China is expected its outbound tourism numbers to increase by more than 25% this year. The forecasted increase comes as outbound tourism in the county remains at a relative standstill when compared to pre-pandemic levels.

State-owned media CCTV said official projections expect outbound tourism to recover further next year. Since the spread of coronavirus early last year, there has been a substantial decline in travelers from China, the world's most populous country, leaving an estimated loss of about $255 billion in the global tourism sector.

CCTV, citing research published by the Ministry of Culture and Tourism's China Tourism Academy, a total of 25.62 million Chinese tourists has gone abroad since the start of the year. That figure is around 20.334 million more than the number of Chinese tourists who traveled abroad in 2020. In contrast, the number of Chinese tourists traveling abroad last year was 86.9% less than the figures recorded in 2019.

The country's zero-tolerance policy for COVID-19 is severely hampering the operations of China's leisure and tourist industries, as towns with infections or worries about the virus resulted in the closure of entertainment venues, limiting tourism, or postponement of cultural events.

Last month, the national tourism administration declared that travel agencies would no longer be able to organize inter-province excursions that included provinces with areas assessed to be at higher risk of the virus, as well as the suspension of dedicated rail services connecting tourists destinations.

Many towns with local illnesses, including Beijing's capital, have shut down certain indoor recreational places, including internet cafes, chess and card parlors, and theaters, while a number of marathon events, concerts, and theatrical performances have been postponed or canceled.

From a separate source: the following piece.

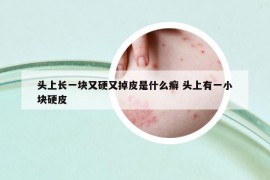 頭上長一塊又硬又掉皮是什么癬 頭上有一小塊硬皮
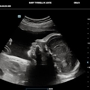 Peek a Boo Baby 3D 4D Ultrasound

From October 17 to October 31, a total of 484 domestically transmitted cases with verified symptoms were recorded, largely in China's northern region. Tourists who went across many locations were responsible for many of the infections, complicating and delaying contact-tracing attempts.

While the caseload is small in comparison to clusters outside China, and the growth in local infections in some areas has slowed or even stopped in recent days, China is putting forth every effort to reduce transmission risks, even if it means upsetting companies and local economies.

This year's forecast, which includes visits to China's special administrative areas, such as the gambling capital of Macau, is still significantly below the yearly figures of over 100 million that existed before the epidemic.

China's National Immigration Administration announced this month that it would continue to advise individuals not to go overseas for non-essential or urgent reasons.